I am using R to create an API request for data from a website and, as you can see from below, there is a lot of repetition in my code. This is created by the limitations of the site's API.
I would like to create a loop where the content of the text iterates through the years in the first text string and automatically creates Df1 through Df5. Then, passing this string through command1, then command2 but without those repetitions, too.
Hopefully, the question is clear and you can help
Thanks :)
Df1 <- "search \\\“yyy\\\” where year in [2021] and in [\"xxxxxx\"] return zzz"
Df2 <- "search \\\“yyy\\\” where year in [2020] and in [\"xxxxxx\"] return zzz"
Df3 <- "search \\\“yyy\\\” where year in [2019] and in [\"xxxxxx\"] return zzz"
Df4 <- "search \\\“yyy\\\” where year in [2018] and in [\"xxxxxx\"] return zzz"
Df5 <- "search \\\“yyy\\\” where year in [2017] and in [\"xxxxxx\"] return zzz"
Df1 <- command1(query = Df1, token = token)
Df2 <- command1(query = Df2, token = token)
Df3 <- command1(query = Df3, token = token)
Df4 <- command1(query = Df4, token = token)
Df5 <- command1(query = Df5, token = token)
Final_Df1 <- command2(Df1, dbsource = "APISource", format = "api")
Final_Df2 <- command2(Df2, dbsource = "APISource", format = "api")
Final_Df3 <- command2(Df3, dbsource = "APISource", format = "api")
Final_Df4 <- command2(Df4, dbsource = "APISource", format = "api")
Final_Df5 <- command2(Df5, dbsource = "APISource", format = "api")
Data_Frame <- rbind(Final_Df1, Final_Df2, Final_Df3, Final_Df4, Final_Df5)
CodePudding user response:
This problem looks like as if metaprogramming is needed but actually it doesn't, if all you need is the final data frame for the rest of the program. I would do sth like:
do_query <- function(y, year, x, z, token, dbsource="APISource", format="api") {
s <- paste0("search \\\"", y, "\\\" where year in [", year, "] and in [\"", x, "\"] return ", z)
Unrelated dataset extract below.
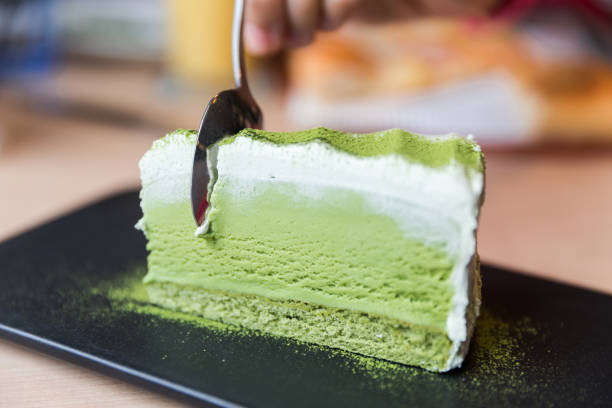 green tea cake - fat layer stock-fotos und bilder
df <- command1(query=s, token=token)
command2(df, dbsource = dbsource, format = format)
}
do_queries <- function(params_list) {
# the params list is a list of the parameters as named lists
dfs <- lapply(params_list, function(params) do.call(do_query, params)) # this returns a list of data frames
rbind(dfs) # this merges them to one single data frame # eventually you have to correct row_names
}
# use it like this:
# generate the params_list:
params_list <- lapply(rev(2017:2021), function(year) list(y="yyy",
year=year,
x="xxxxx",
z="zzz"))
# and then call do_queries over it
df <- do_queries(params_list)
Okay, probably, do.call
counts as metaprogramming.
If you in such a function want an assignment at one evaluation level over that of the function done, theoretically, you could do sth like:
assign_strings <- function(years, y="yyy", x="xxxxx", z="zzz") {
n <- length(years)
strings <- sapply(years, function(year) paste0("search \\\"", y, "\\\" where year in [", year, "] and in [\"", x, "\"] return ", z))
for (i in 1:n) {
assign(paste0("Df", i), strings[i])
}
}
# Then,
assign_strings(rev(2017:2021))
# will do exactly what you want for the first.
But this code is not very readable. Especially, Variables "Df1", "Df2", ... are generated, yet you can't nowhere see them in the code defined
in the form Df1 <- ...
, Df2 <- ...
- so you are lost when searching where they were initiated.
Therefore, it is better so have all such variables in ONE list
together, and give the list names, so that you can call them like:
dfs["Df1"]
, dfs["Df2"]
or Df[1]
, Df[2]
...
And you know exactly when and where you created the dfs
or Df
object/list.